Data extracted from a collection:

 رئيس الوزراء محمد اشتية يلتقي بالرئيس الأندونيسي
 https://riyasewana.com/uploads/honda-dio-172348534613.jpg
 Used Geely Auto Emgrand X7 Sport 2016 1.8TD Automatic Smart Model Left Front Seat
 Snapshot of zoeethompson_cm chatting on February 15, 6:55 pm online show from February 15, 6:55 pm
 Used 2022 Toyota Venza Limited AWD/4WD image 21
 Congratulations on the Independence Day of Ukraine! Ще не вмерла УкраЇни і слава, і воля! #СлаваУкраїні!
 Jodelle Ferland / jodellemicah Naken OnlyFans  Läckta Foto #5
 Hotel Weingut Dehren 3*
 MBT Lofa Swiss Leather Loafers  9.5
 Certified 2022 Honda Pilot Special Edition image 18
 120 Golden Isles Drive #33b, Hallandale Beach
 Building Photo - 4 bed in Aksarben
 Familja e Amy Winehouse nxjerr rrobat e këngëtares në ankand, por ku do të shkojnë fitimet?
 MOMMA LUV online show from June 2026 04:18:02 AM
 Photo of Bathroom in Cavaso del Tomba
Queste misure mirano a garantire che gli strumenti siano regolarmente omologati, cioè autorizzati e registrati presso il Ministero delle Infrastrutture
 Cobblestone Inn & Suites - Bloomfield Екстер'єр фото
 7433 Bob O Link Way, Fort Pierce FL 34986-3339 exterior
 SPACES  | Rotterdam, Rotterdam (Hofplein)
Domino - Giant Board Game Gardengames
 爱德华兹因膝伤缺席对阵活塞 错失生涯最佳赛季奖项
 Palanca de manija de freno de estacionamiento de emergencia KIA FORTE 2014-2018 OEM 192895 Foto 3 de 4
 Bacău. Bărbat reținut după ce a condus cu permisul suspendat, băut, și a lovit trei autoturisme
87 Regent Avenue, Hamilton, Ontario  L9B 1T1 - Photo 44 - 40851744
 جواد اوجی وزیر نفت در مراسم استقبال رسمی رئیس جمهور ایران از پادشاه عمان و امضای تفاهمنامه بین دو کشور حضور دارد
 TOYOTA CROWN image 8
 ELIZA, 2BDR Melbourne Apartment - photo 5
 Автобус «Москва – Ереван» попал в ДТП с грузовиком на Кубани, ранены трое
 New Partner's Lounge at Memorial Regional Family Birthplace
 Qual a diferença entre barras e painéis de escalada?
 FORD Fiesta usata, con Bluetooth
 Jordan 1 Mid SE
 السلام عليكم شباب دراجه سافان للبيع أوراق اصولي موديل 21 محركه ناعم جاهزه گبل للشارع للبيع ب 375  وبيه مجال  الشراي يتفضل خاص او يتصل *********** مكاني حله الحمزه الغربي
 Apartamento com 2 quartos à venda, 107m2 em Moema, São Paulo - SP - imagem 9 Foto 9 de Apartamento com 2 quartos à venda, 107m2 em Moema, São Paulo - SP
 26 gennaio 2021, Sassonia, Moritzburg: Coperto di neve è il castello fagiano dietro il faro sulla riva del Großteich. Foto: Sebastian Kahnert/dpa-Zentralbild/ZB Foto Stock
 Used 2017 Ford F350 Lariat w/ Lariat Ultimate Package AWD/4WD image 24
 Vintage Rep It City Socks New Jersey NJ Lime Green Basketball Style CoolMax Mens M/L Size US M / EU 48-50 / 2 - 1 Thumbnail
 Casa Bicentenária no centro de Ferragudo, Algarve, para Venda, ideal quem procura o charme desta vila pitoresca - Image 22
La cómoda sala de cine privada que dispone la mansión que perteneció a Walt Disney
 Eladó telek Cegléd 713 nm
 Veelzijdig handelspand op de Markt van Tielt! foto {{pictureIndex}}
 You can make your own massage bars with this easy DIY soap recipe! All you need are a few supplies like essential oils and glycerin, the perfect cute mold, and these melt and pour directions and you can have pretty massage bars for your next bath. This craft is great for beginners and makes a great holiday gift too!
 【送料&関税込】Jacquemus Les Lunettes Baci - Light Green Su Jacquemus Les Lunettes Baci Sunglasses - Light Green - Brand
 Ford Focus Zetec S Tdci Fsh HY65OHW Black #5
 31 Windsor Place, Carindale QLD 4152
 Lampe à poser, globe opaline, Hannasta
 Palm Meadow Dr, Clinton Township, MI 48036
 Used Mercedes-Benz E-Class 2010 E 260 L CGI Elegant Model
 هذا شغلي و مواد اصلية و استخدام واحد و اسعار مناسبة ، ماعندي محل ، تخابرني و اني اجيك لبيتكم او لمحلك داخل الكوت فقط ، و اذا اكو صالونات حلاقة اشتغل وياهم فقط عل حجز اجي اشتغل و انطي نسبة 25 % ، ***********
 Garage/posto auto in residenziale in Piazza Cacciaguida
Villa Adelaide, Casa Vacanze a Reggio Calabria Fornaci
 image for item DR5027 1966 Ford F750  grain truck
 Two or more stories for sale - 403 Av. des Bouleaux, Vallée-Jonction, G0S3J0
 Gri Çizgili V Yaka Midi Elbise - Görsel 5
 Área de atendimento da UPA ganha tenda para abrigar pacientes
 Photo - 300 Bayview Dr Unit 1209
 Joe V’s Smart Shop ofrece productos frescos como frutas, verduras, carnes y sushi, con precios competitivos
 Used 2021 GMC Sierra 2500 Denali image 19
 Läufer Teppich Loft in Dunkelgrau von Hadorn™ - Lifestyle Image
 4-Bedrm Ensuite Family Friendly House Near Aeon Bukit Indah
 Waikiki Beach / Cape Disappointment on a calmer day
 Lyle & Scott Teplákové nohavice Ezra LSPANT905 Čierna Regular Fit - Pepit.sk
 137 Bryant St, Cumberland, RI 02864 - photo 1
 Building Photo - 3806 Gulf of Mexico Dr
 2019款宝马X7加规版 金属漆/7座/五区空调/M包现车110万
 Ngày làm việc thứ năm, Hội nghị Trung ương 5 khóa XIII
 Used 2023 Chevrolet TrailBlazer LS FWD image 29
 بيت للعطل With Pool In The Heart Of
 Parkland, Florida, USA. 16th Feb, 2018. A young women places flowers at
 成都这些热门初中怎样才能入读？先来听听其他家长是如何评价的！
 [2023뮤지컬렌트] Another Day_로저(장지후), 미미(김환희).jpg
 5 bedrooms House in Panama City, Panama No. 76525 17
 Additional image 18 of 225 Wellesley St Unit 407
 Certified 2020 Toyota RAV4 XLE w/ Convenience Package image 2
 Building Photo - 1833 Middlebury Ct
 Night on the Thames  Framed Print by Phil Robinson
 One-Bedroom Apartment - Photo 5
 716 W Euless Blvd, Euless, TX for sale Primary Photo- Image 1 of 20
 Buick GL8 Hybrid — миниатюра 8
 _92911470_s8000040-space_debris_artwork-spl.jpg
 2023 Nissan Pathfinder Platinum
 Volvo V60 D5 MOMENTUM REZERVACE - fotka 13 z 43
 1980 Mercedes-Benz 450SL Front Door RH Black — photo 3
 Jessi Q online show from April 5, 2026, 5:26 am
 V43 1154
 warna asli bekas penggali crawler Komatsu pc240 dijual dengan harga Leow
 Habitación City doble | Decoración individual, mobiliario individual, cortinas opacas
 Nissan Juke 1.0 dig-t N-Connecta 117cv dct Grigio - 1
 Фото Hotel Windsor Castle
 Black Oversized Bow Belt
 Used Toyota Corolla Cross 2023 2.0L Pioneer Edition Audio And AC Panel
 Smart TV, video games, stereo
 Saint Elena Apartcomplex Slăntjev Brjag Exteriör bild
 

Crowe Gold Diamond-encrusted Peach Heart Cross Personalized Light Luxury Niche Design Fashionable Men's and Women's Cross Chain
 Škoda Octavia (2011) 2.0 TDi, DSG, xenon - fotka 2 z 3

Prompt:
Would you restate each of the entries word for word?

Reply to the task:
 رئيس الوزراء محمد اشتية يلتقي بالرئيس الأندونيسي
 https://riyasewana.com/uploads/honda-dio-172348534613.jpg
 Used Geely Auto Emgrand X7 Sport 2016 1.8TD Automatic Smart Model Left Front Seat
 Snapshot of zoeethompson_cm chatting on February 15, 6:55 pm online show from February 15, 6:55 pm
 Used 2022 Toyota Venza Limited AWD/4WD image 21
 Congratulations on the Independence Day of Ukraine! Ще не вмерла УкраЇни і слава, і воля! #СлаваУкраїні!
 Jodelle Ferland / jodellemicah Naken OnlyFans  Läckta Foto #5
 Hotel Weingut Dehren 3*
 MBT Lofa Swiss Leather Loafers  9.5
 Certified 2022 Honda Pilot Special Edition image 18
 120 Golden Isles Drive #33b, Hallandale Beach
 Building Photo - 4 bed in Aksarben
 Familja e Amy Winehouse nxjerr rrobat e këngëtares në ankand, por ku do të shkojnë fitimet?
 MOMMA LUV online show from June 2026 04:18:02 AM
 Photo of Bathroom in Cavaso del Tomba
Queste misure mirano a garantire che gli strumenti siano regolarmente omologati, cioè autorizzati e registrati presso il Ministero delle Infrastrutture
 Cobblestone Inn & Suites - Bloomfield Екстер'єр фото
 7433 Bob O Link Way, Fort Pierce FL 34986-3339 exterior
 SPACES  | Rotterdam, Rotterdam (Hofplein)
Domino - Giant Board Game Gardengames
 爱德华兹因膝伤缺席对阵活塞 错失生涯最佳赛季奖项
 Palanca de manija de freno de estacionamiento de emergencia KIA FORTE 2014-2018 OEM 192895 Foto 3 de 4
 Bacău. Bărbat reținut după ce a condus cu permisul suspendat, băut, și a lovit trei autoturisme
87 Regent Avenue, Hamilton, Ontario  L9B 1T1 - Photo 44 - 40851744
 جواد اوجی وزیر نفت در مراسم استقبال رسمی رئیس جمهور ایران از پادشاه عمان و امضای تفاهمنامه بین دو کشور حضور دارد
 TOYOTA CROWN image 8
 ELIZA, 2BDR Melbourne Apartment - photo 5
 Автобус «Москва – Ереван» попал в ДТП с грузовиком на Кубани, ранены трое
 New Partner's Lounge at Memorial Regional Family Birthplace
 Qual a diferença entre barras e painéis de escalada?
 FORD Fiesta usata, con Bluetooth
 Jordan 1 Mid SE
 السلام عليكم شباب دراجه سافان للبيع أوراق اصولي موديل 21 محركه ناعم جاهزه گبل للشارع للبيع ب 375  وبيه مجال  الشراي يتفضل خاص او يتصل *********** مكاني حله الحمزه الغربي
 Apartamento com 2 quartos à venda, 107m2 em Moema, São Paulo - SP - imagem 9 Foto 9 de Apartamento com 2 quartos à venda, 107m2 em Moema, São Paulo - SP
 26 gennaio 2021, Sassonia, Moritzburg: Coperto di neve è il castello fagiano dietro il faro sulla riva del Großteich. Foto: Sebastian Kahnert/dpa-Zentralbild/ZB Foto Stock
 Used 2017 Ford F350 Lariat w/ Lariat Ultimate Package AWD/4WD image 24
 Vintage Rep It City Socks New Jersey NJ Lime Green Basketball Style CoolMax Mens M/L Size US M / EU 48-50 / 2 - 1 Thumbnail
 Casa Bicentenária no centro de Ferragudo, Algarve, para Venda, ideal quem procura o charme desta vila pitoresca - Image 22
La cómoda sala de cine privada que dispone la mansión que perteneció a Walt Disney
 Eladó telek Cegléd 713 nm
 Veelzijdig handelspand op de Markt van Tielt! foto {{pictureIndex}}
 You can make your own massage bars with this easy DIY soap recipe! All you need are a few supplies like essential oils and glycerin, the perfect cute mold, and these melt and pour directions and you can have pretty massage bars for your next bath. This craft is great for beginners and makes a great holiday gift too!
 【送料&関税込】Jacquemus Les Lunettes Baci - Light Green Su Jacquemus Les Lunettes Baci Sunglasses - Light Green - Brand
 Ford Focus Zetec S Tdci Fsh HY65OHW Black #5
 31 Windsor Place, Carindale QLD 4152
 Lampe à poser, globe opaline, Hannasta
 Palm Meadow Dr, Clinton Township, MI 48036
 Used Mercedes-Benz E-Class 2010 E 260 L CGI Elegant Model
 هذا شغلي و مواد اصلية و استخدام واحد و اسعار مناسبة ، ماعندي محل ، تخابرني و اني اجيك لبيتكم او لمحلك داخل الكوت فقط ، و اذا اكو صالونات حلاقة اشتغل وياهم فقط عل حجز اجي اشتغل و انطي نسبة 25 % ، ***********
 Garage/posto auto in residenziale in Piazza Cacciaguida
Villa Adelaide, Casa Vacanze a Reggio Calabria Fornaci
 image for item DR5027 1966 Ford F750  grain truck
 Two or more stories for sale - 403 Av. des Bouleaux, Vallée-Jonction, G0S3J0
 Gri Çizgili V Yaka Midi Elbise - Görsel 5
 Área de atendimento da UPA ganha tenda para abrigar pacientes
 Photo - 300 Bayview Dr Unit 1209
 Joe V’s Smart Shop ofrece productos frescos como frutas, verduras, carnes y sushi, con precios competitivos
 Used 2021 GMC Sierra 2500 Denali image 19
 Läufer Teppich Loft in Dunkelgrau von Hadorn™ - Lifestyle Image
 4-Bedrm Ensuite Family Friendly House Near Aeon Bukit Indah
 Waikiki Beach / Cape Disappointment on a calmer day
 Lyle & Scott Teplákové nohavice Ezra LSPANT905 Čierna Regular Fit - Pepit.sk
 137 Bryant St, Cumberland, RI 02864 - photo 1
 Building Photo - 3806 Gulf of Mexico Dr
 2019款宝马X7加规版 金属漆/7座/五区空调/M包现车110万
 Ngày làm việc thứ năm, Hội nghị Trung ương 5 khóa XIII
 Used 2023 Chevrolet TrailBlazer LS FWD image 29
 بيت للعطل With Pool In The Heart Of
 Parkland, Florida, USA. 16th Feb, 2018. A young women places flowers at
 成都这些热门初中怎样才能入读？先来听听其他家长是如何评价的！
 [2023뮤지컬렌트] Another Day_로저(장지후), 미미(김환희).jpg
 5 bedrooms House in Panama City, Panama No. 76525 17
 Additional image 18 of 225 Wellesley St Unit 407
 Certified 2020 Toyota RAV4 XLE w/ Convenience Package image 2
 Building Photo - 1833 Middlebury Ct
 Night on the Thames  Framed Print by Phil Robinson
 One-Bedroom Apartment - Photo 5
 716 W Euless Blvd, Euless, TX for sale Primary Photo- Image 1 of 20
 Buick GL8 Hybrid — миниатюра 8
 _92911470_s8000040-space_debris_artwork-spl.jpg
 2023 Nissan Pathfinder Platinum
 Volvo V60 D5 MOMENTUM REZERVACE - fotka 13 z 43
 1980 Mercedes-Benz 450SL Front Door RH Black — photo 3
 Jessi Q online show from April 5, 2026, 5:26 am
 V43 1154
 warna asli bekas penggali crawler Komatsu pc240 dijual dengan harga Leow
 Habitación City doble | Decoración individual, mobiliario individual, cortinas opacas
 Nissan Juke 1.0 dig-t N-Connecta 117cv dct Grigio - 1
 Фото Hotel Windsor Castle
 Black Oversized Bow Belt
 Used Toyota Corolla Cross 2023 2.0L Pioneer Edition Audio And AC Panel
 Smart TV, video games, stereo
 Saint Elena Apartcomplex Slăntjev Brjag Exteriör bild
 

Crowe Gold Diamond-encrusted Peach Heart Cross Personalized Light Luxury Niche Design Fashionable Men's and Women's Cross Chain
 Škoda Octavia (2011) 2.0 TDi, DSG, xenon - fotka 2 z 3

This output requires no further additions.